Mitochondria cristae morphotype and MICOS proteins distribution in the Discoba. (A) TEM micrographs of P. flabellatum (N, nucleus; M, mitochondrion; scale bar: 500-nm). (B) Distribution of MICOS subunits across the Discoba with mitochondria cristae morphotype. The presence of certain MICOS components (Mic10, Mic60, Mic19) are shown by gray rectangles. Other lineages examined in this analysis and characterized by “EST data” had only EST data sets available. The question mark indicates unavailable/uncomplete nuclear genome data.
Conclusions
Comparison of the complete P. flabellatum mitogenomic sequence with other discobid taxa shows that the proportion of coding regions and the AT content are comparable to other heteroloboseans. There is coherence between mitochondrial gene loss and phylogenetic position in Heterolobosea. For instance, the P. flabellatum and its close relative Naegleria mitogenomes share considerable similarity in terms of mitogenome content, architecture, and synteny. Heterolobosean mitochondrion-encoded genes show minimal variation in codon usage, including the two halophilic heteroloboseids (i.e., Pharyngomonas and Pleurostomum). P. flabellatum cumulative GC-skew reveals a positive skew plot along with other heteroloboseans except for early-diverging P. kirbyi and Heteroloboseid sp. BB2.

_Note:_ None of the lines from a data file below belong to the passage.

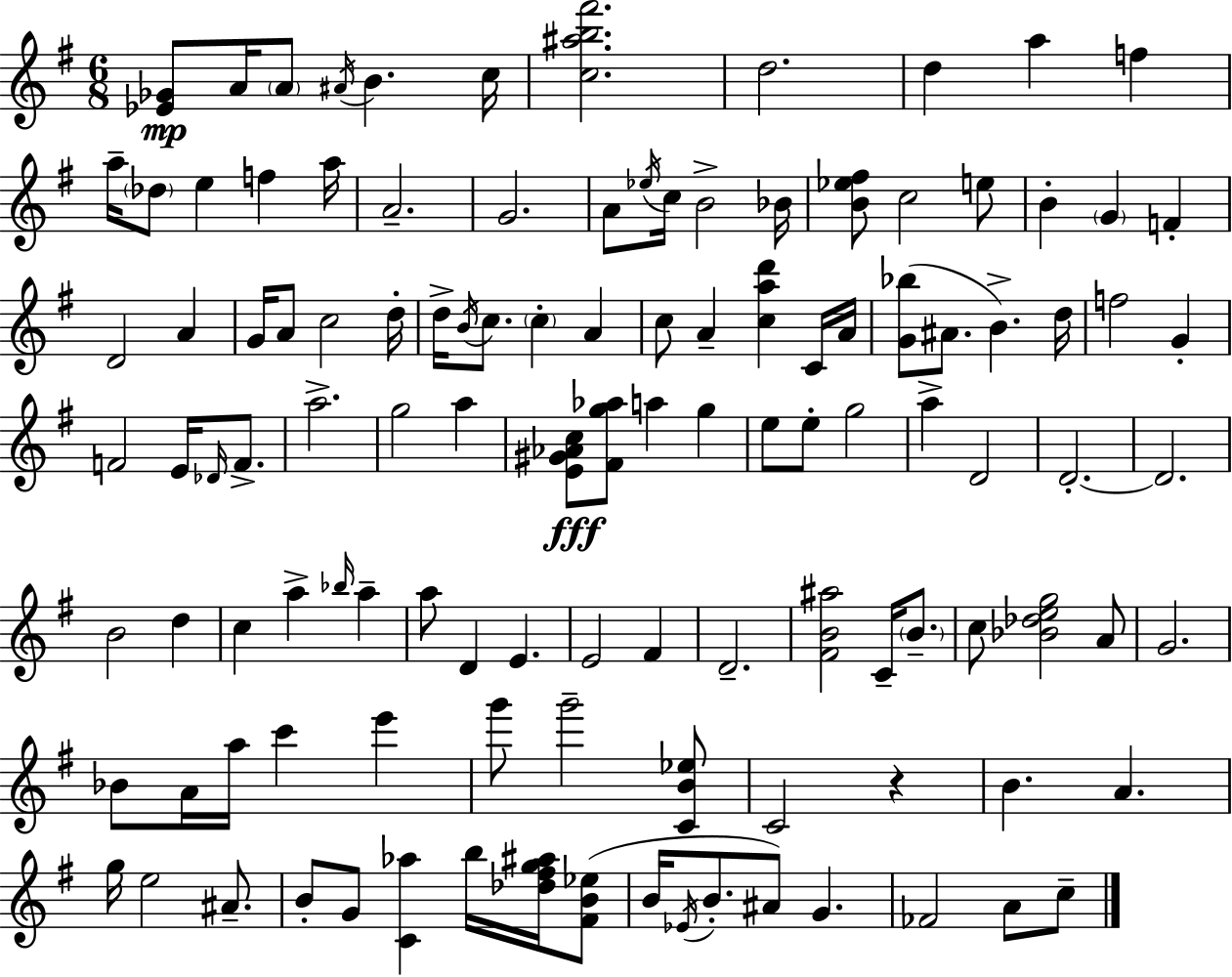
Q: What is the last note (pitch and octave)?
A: C5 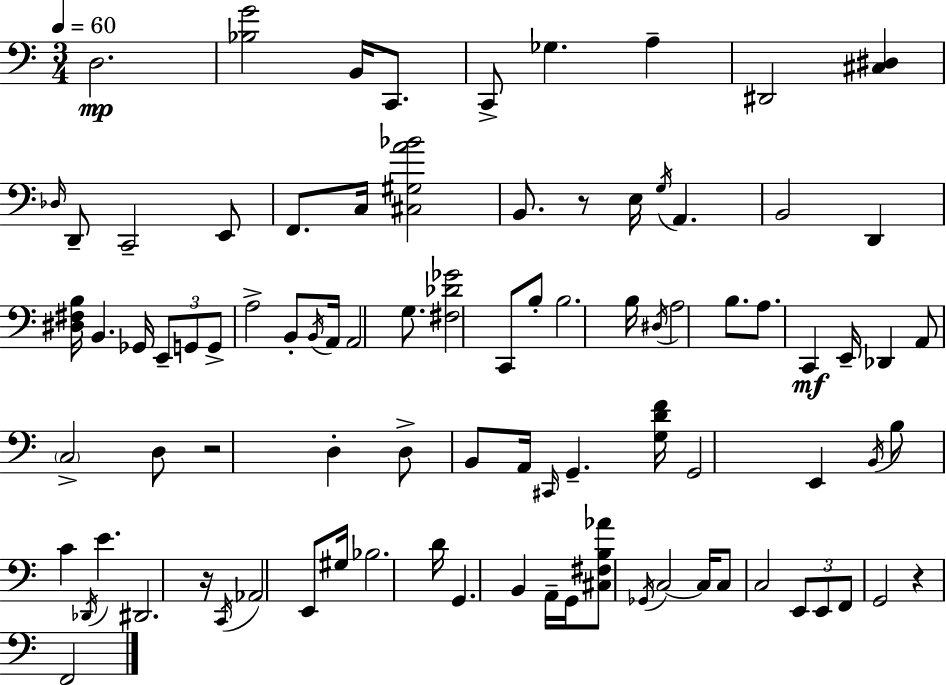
X:1
T:Untitled
M:3/4
L:1/4
K:Am
D,2 [_B,G]2 B,,/4 C,,/2 C,,/2 _G, A, ^D,,2 [^C,^D,] _D,/4 D,,/2 C,,2 E,,/2 F,,/2 C,/4 [^C,^G,A_B]2 B,,/2 z/2 E,/4 G,/4 A,, B,,2 D,, [^D,^F,B,]/4 B,, _G,,/4 E,,/2 G,,/2 G,,/2 A,2 B,,/2 B,,/4 A,,/4 A,,2 G,/2 [^F,_D_G]2 C,,/2 B,/2 B,2 B,/4 ^D,/4 A,2 B,/2 A,/2 C,, E,,/4 _D,, A,,/2 C,2 D,/2 z2 D, D,/2 B,,/2 A,,/4 ^C,,/4 G,, [G,DF]/4 G,,2 E,, B,,/4 B,/2 C _D,,/4 E ^D,,2 z/4 C,,/4 _A,,2 E,,/2 ^G,/4 _B,2 D/4 G,, B,, A,,/4 G,,/4 [^C,^F,B,_A]/2 _G,,/4 C,2 C,/4 C,/2 C,2 E,,/2 E,,/2 F,,/2 G,,2 z F,,2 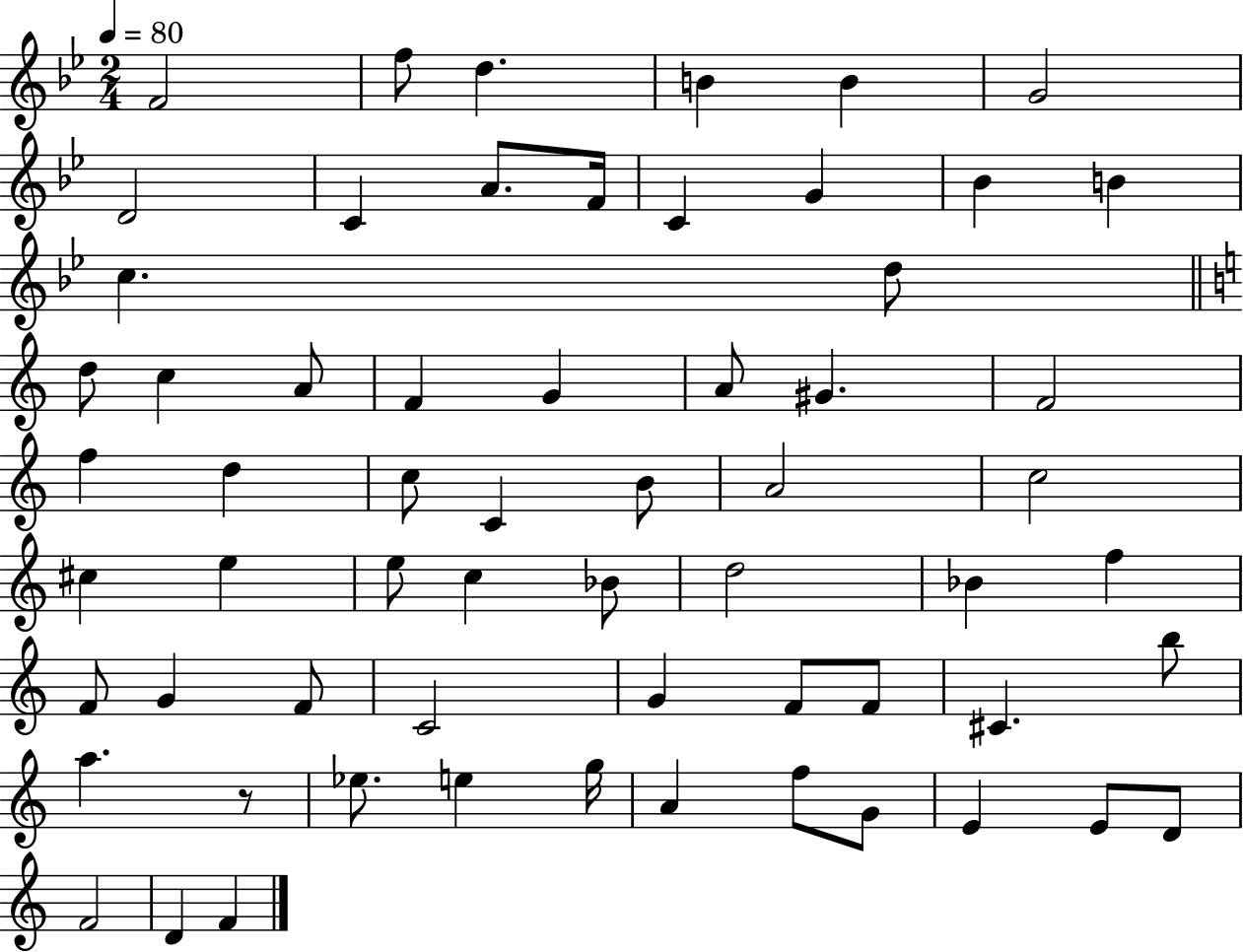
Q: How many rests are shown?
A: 1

The mitogenome P. flabellatum includes the same genes that encode components of the electron transport chain as the Naegleria mitogenome, indicating that P. flabellatum mitochondria are either aerobic or microaerophilic. Although no cristae structure has been shown by electron microscopy, the draft nuclear genome sequence of P. flabellatum revealed at least two putative, but actively transcribed Mic60Mic60 homologs. These findings suggest that the Mic60 subunit alone is not enough to form the cristae junction. We conclude that P. flabellatum has an unusual mitochondrial structure due to its tolerance to low oxygen conditions, which prevail under extreme hypersalinity. Further analysis of the transcriptome and nuclear genome of P. flabellatum will help elucidate the functions of this organelle within the cell, and these examinations may provide useful insights into generating energy under suboxic conditions.
Acknowledgments
This study was supported by the Collaborative Genome Program of the Korea Institute of Marine Science and Technology Promotion (KIMST) funded by the Ministry of Oceans and Fisheries (MOF) (20180430), the National Research Foundation of Korea (NRF-2017R1A2B3001923), the Next-generation BioGreen21 Program (PJ01389003) from the RDA (Rural Development Administration), Korea to Hwan Su Yoon, and the National Research Foundation of Korea (NRF-2016R1A6A1A05011910 and 2019R1A2C2002379) to Jong Soo Park.
Data Availability
The mitogenome sequence has been deposited at GenBank under the accession number MT843578, as well as two two Mic60Mic60-like sequences (accession numbers: MW019459 and MW019460).